In response, an upset Beijing has reportedly imposed trade embargoes on Australia, including on coal -- a business worth some US$10 billion a year.

The Indian bulk carrier MV Jag Anand with 23 Indian crew and carrying more than 160,000 tonnes of Australian coking coal has been stuck at the Chinese port of Jingtang since mid-June after being refused permission to offload, said Abdulgani Serang, secretary of the National Union of Seafarers of India.

Another vessel, Anastasia, also carrying coal from Australia and with 18 Indians on board, has been at China's Caofeidian anchorage since August 3, he added.

"We have a humanitarian crisis at hand. Our seafarers are being treated inhumanely," Serang told AFP.

"The ships have become floating prisons and it is taking a heavy toll on the mental and physical wellbeing of the crew."

Serang said both ships have not been allowed to unload their cargo or depart for another port.

His union has written to the Indian and Chinese governments as well as the International Maritime Organisation (IMO), pleading for an end to the crisis.

"The seafarers are just doing their job and paying a heavy price for no fault of theirs," Serang said.

"It is like a food delivery guy being hammered in a fight between neighbours."

- 'Major concern' -

A letter from the wife of one of the crew members, posted Friday on Twitter tagging Indian Prime Minister Narendra Modi's account, said the "deteriorating health of crew members is also a major concern".

The Great Eastern Shipping Company, which owns the Indian vessel Jag Anand, said it had offered to send the ship to Japan at its own cost but to no avail.

"Regrettably, none of our efforts have yielded results so far," a spokesman told The Hindu newspaper.

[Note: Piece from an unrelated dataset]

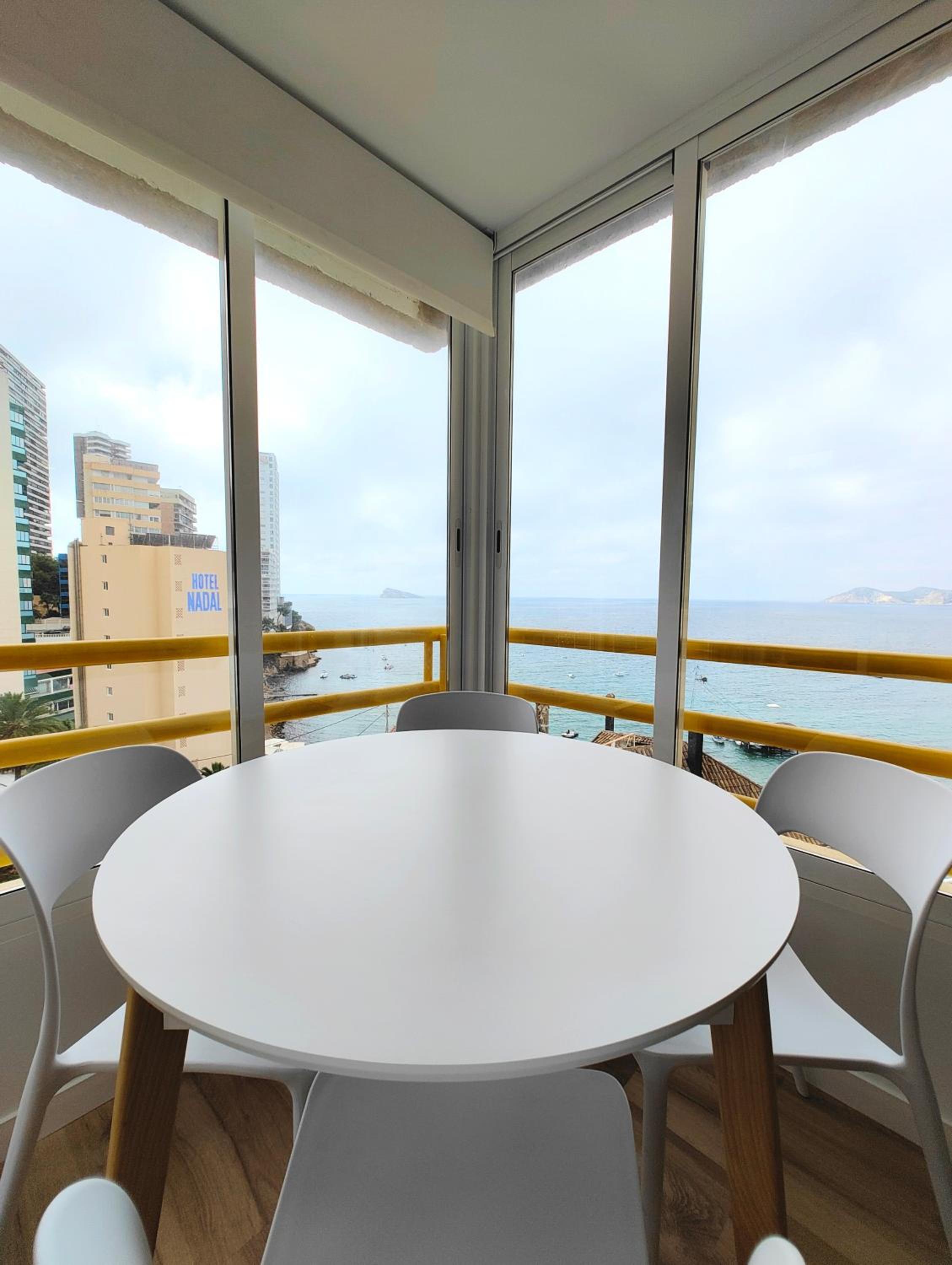 Stunning New Apt, Beach 1min, 2BR, Parking photo 3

But China's foreign ministry said Wednesday in response to an AFP query about the Jag Anand that "China has never restricted it from leaving".

"The freight side did not wish to adjust the ship's transport arrangements, citing commercial rights and interests. This is the real reason behind the circumstances."

India-China ties have also worsened significantly in recent months.

In mid-June, 20 Indian soldiers were killed in a brutal, high-altitude border clash. China has not revealed how many casualties it suffered.

The nuclear-armed neighbours later sent tens of thousands of troops to the disputed frontier in the Ladakh region in the Himalayas.